I have been trying to count cars when crossing the line and it works, but the problem is it counts one car many times which is ridiculous because it should only be counted once.

Here is the code I am using:

import cv2
import numpy as np

bgsMOG = cv2.BackgroundSubtractorMOG()
cap    = cv2.VideoCapture("traffic.avi")
counter = 0

if cap:
    while True:
        ret, frame = cap.read()

        if ret:
            fgmask = bgsMOG.apply(frame, None, 0.01)
            cv2.line(frame, (0,60), (160,60), (255,255,0), 1)
            # To find the countours of the Cars
            contours, hierarchy = cv2.findContours(fgmask,
                                    cv2.RETR_EXTERNAL,cv2.CHAIN_APPROX_SIMPLE)

            try:
                hierarchy = hierarchy[0]

            except:
                hierarchy = []

            for contour, hier in zip(contours, hierarchy):
                (x, y, w, h) = cv2.boundingRect(contour)

                if w > 20 and h > 20:
                    cv2.rectangle(frame, (x,y), (x+w,y+h), (255, 0, 0), 1)

                    # To find the centroid of the car
                    x1 = w/2
                    y1 = h/2

                    cx = x+x1
                    cy = y+y1
##                    print "cy=", cy
##                    print "cx=", cx
                    centroid = (cx,cy)
##                    print "centoid=", centroid
                    # Draw the circle of Centroid
                    cv2.circle(frame,(int(cx),int(cy)),2,(0,0,255),-1)

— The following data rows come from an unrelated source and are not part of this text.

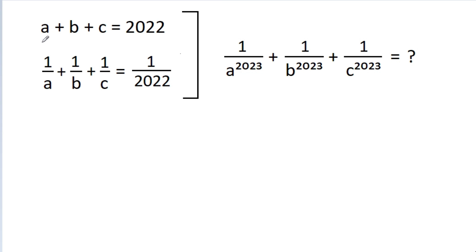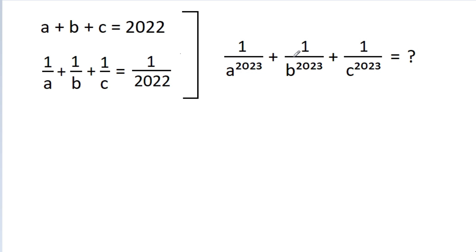In this video, we have given that A plus B plus C is equal to 2022, and 1 by A plus 1 by B plus 1 by C is equal to 1 by 2022. Then we have to find the value of 1 by A power 2023 plus 1 by B power 2023 plus 1 by C power 2023.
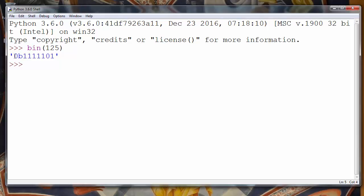we'll see as a result our binary number. You can notice that in Python programming language the representation for binary number starts with 0 and letter B.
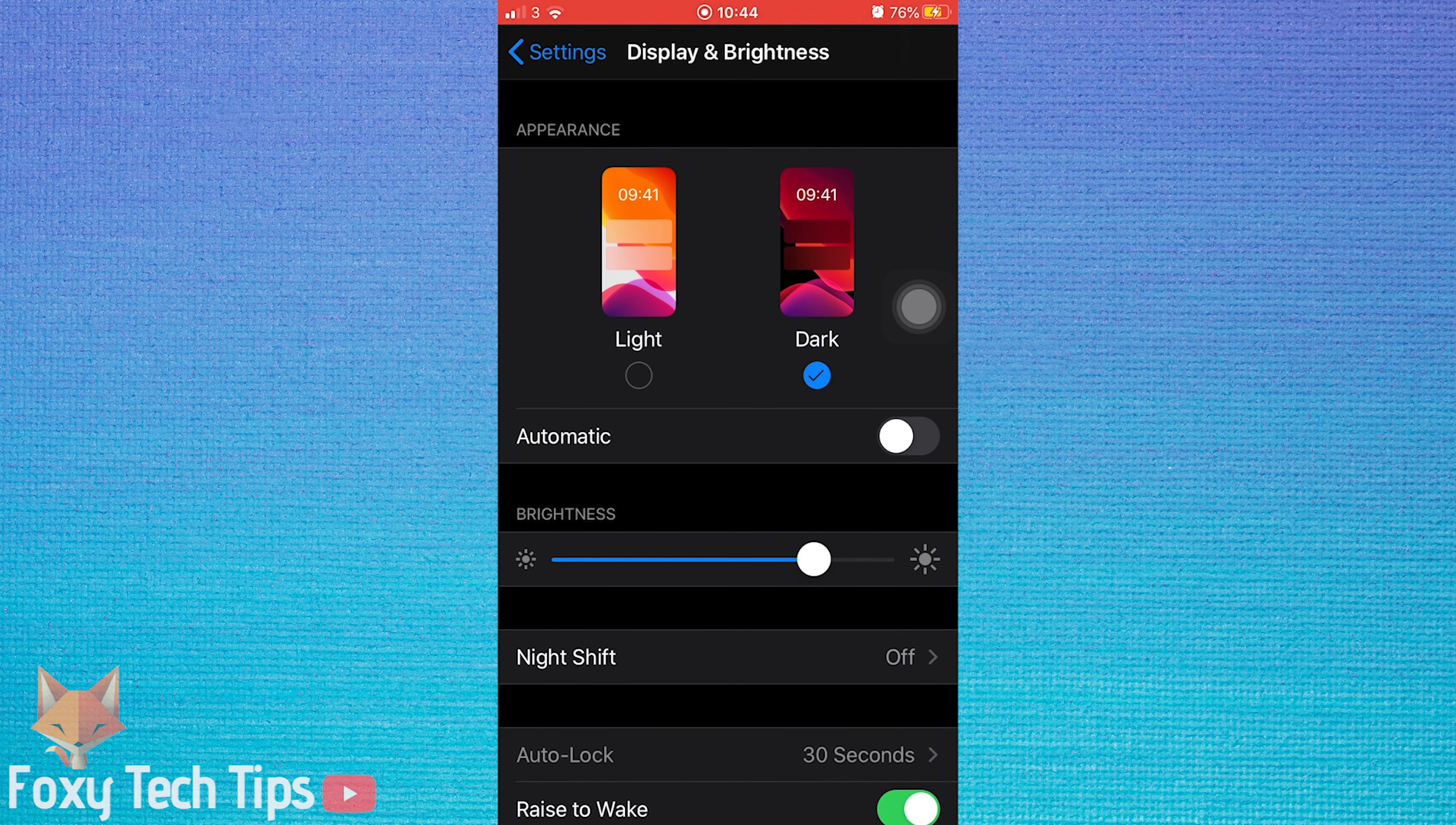Scroll down to more controls and tap the little plus before dark mode.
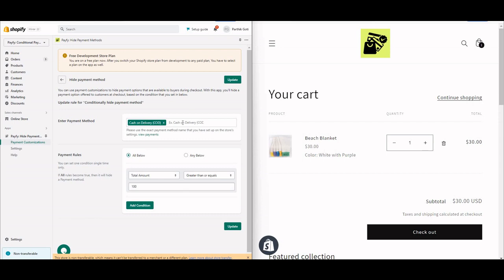Make sure you write the exact same name that appears in your payment settings. For example, if you wrote 'Money Order' there, write 'Money Order' here. If you wrote 'Cash on Delivery' or 'COD', write the same thing here — it is case-sensitive.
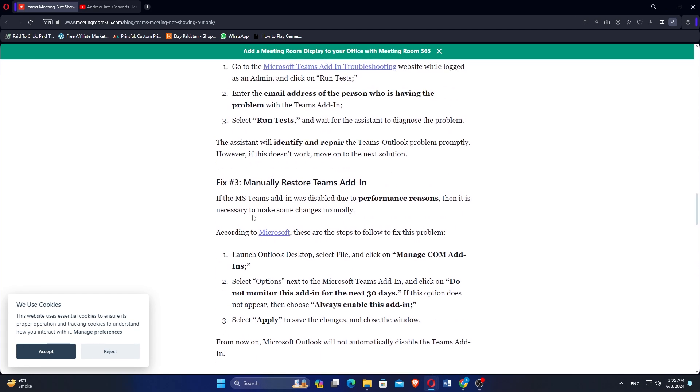If the MS Teams add-in was disabled due to performance reasons, then it is necessary to make some changes manually. Launch Outlook Desktop, select File, and click on Manage COM Add-ins.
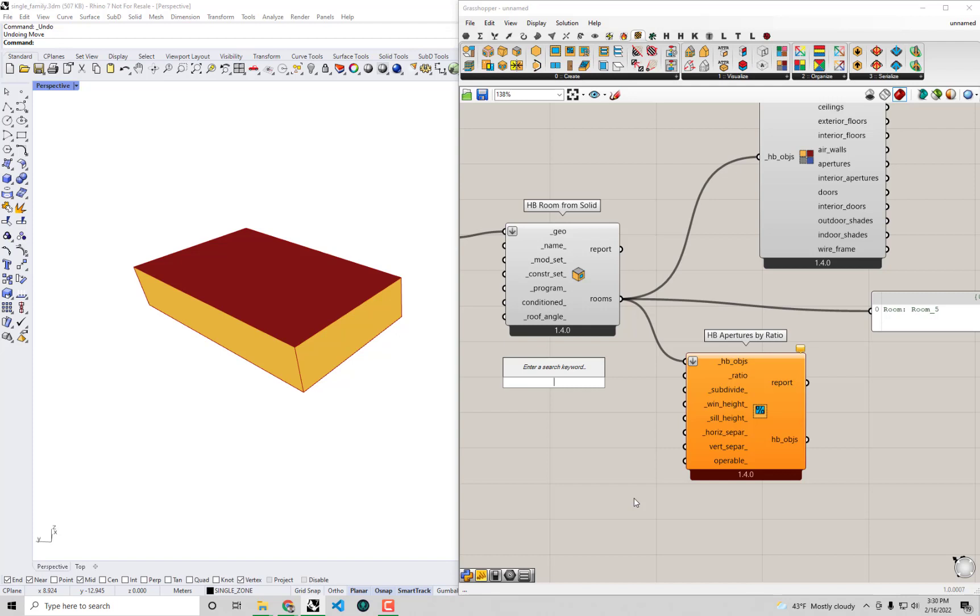So I'm going to make a slider that goes from 0.1 to 0.9. The easy way to do that is to start typing 0.1 and then this is a nifty shortcut in Grasshopper. If I type less than and then 0.9, which is the upper limit I want for the slider, I hit enter.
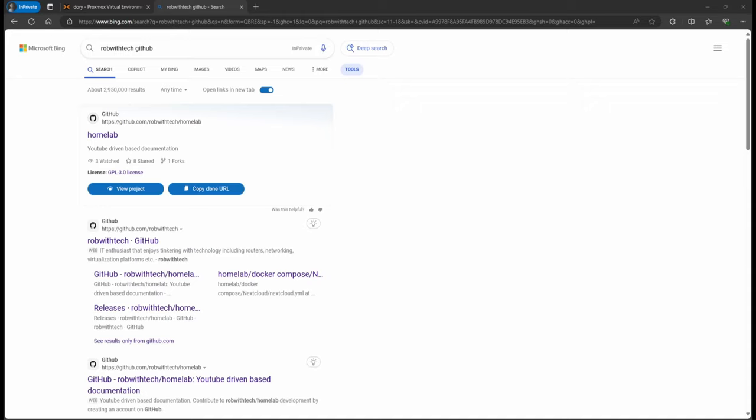This is Rob with Tech. This is part four of the Ubuntu series, the Ubuntu Server series. This would be the last part that I have in here.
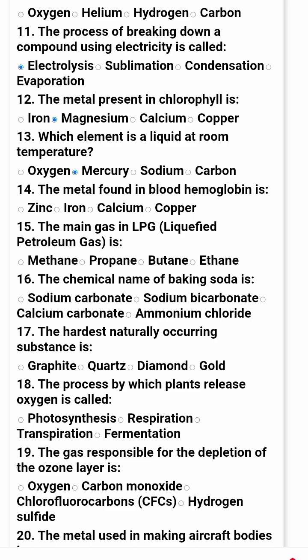So the right option is mercury. The metal found in blood hemoglobin is: zinc, iron, calcium, or copper. So the right option is B. Iron.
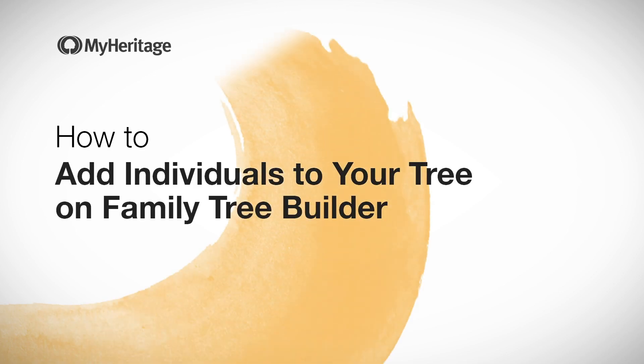In this video we'll show you how to add individuals to your family tree and edit their details using Family Tree Builder software.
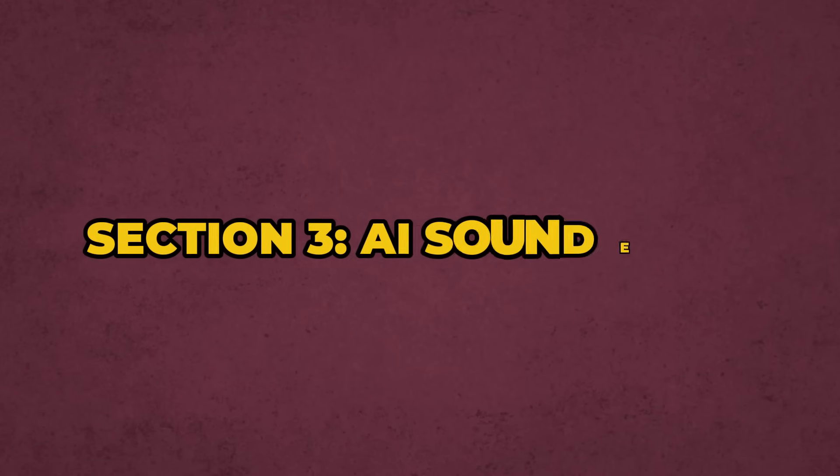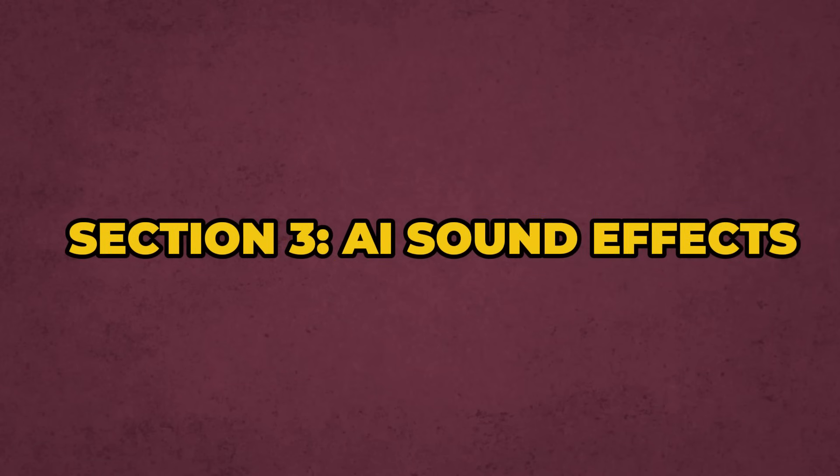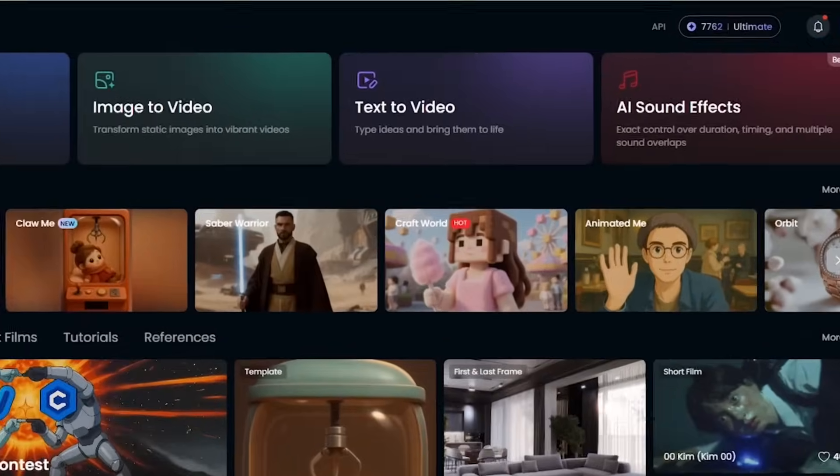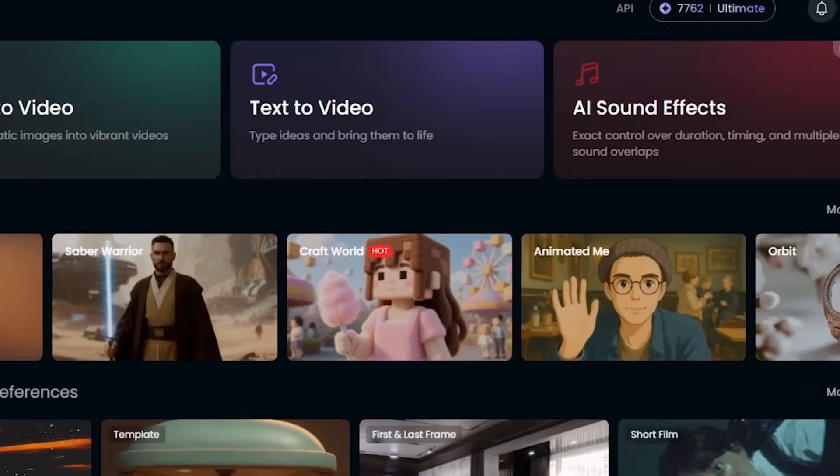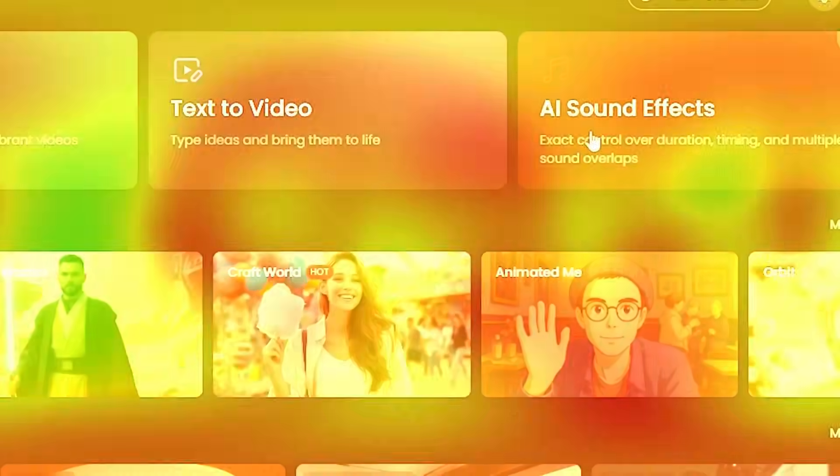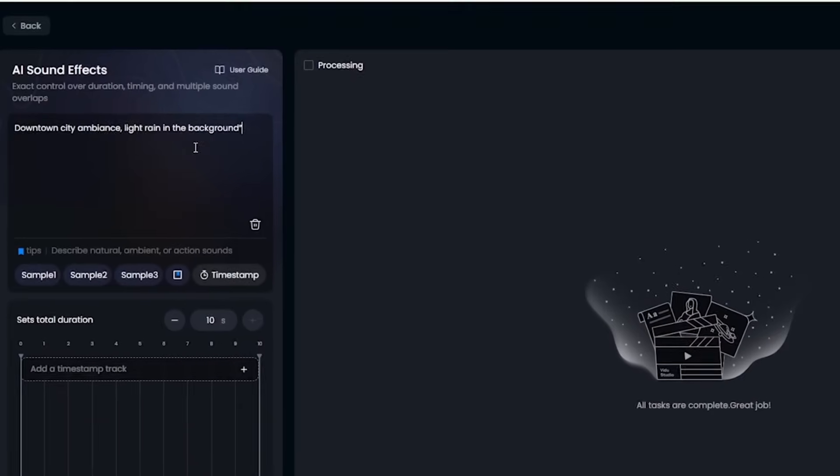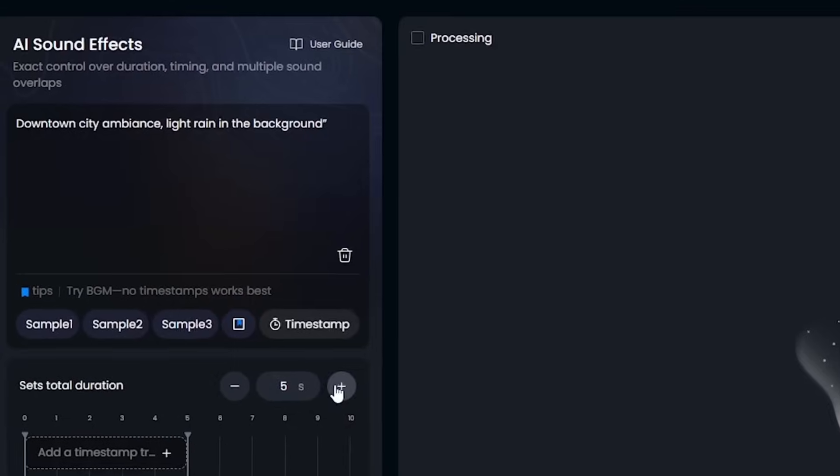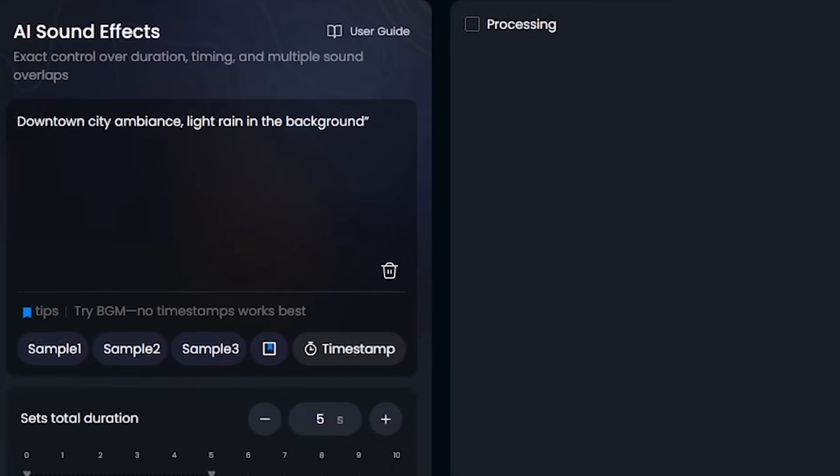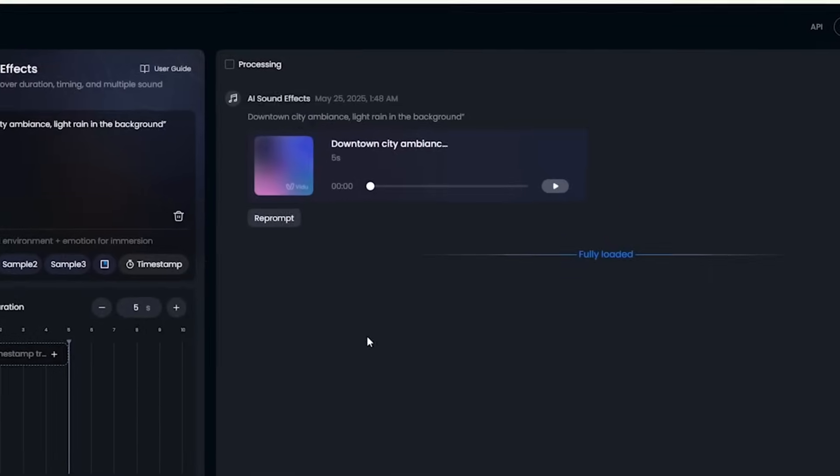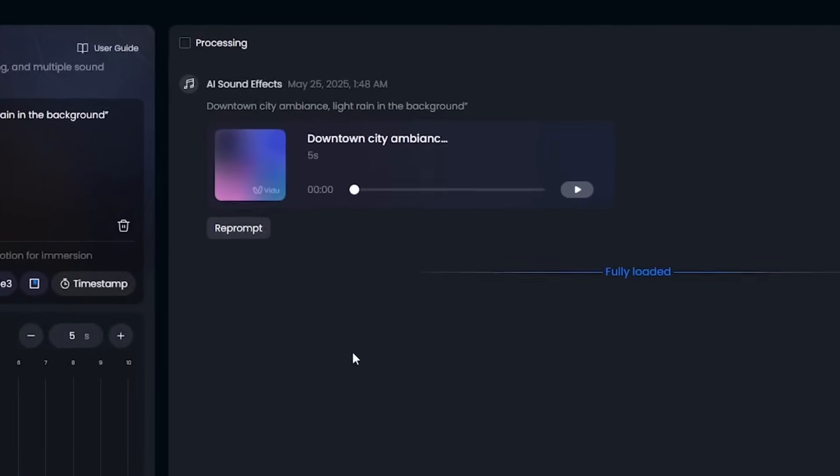Section 3. AI Sound Effects. Let's test AI sound effects by adding ambiance to our robot video. Here's the prompt: Downtown city ambiance. Light rain in the background. Let's check the result. Amazing.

                    # To make sure the Car crosses the line
##                    dy = cy-108
##                    print "dy", dy
                    if centroid > (27, 38) and centroid < (134, 108):
##                        if (cx <= 132)and(cx >= 20):
                        counter +=1
##                            print "counter=", counter
##                    if cy > 10 and cy < 160:
                    cv2.putText(frame, str(counter), (x,y-5),
                                        cv2.FONT_HERSHEY_SIMPLEX,
                                        0.5, (255, 0, 255), 2)
##            cv2.namedWindow('Output',cv2.cv.CV_WINDOW_NORMAL)
            cv2.imshow('Output', frame)
##          cv2.imshow('FGMASK', fgmask)


            key = cv2.waitKey(60)
            if key == 27:
                break

cap.release()
cv2.destroyAllWindows()

And the video is on my GitHub page @ https://github.com/Tes3awy/MATLAB-Tutorials/blob/f24b680f2215c1b1bb96c76f5ba81df533552983/traffic.avi (and it's also a built-in video in Matlab library)

How can make it so that each car is only counted once?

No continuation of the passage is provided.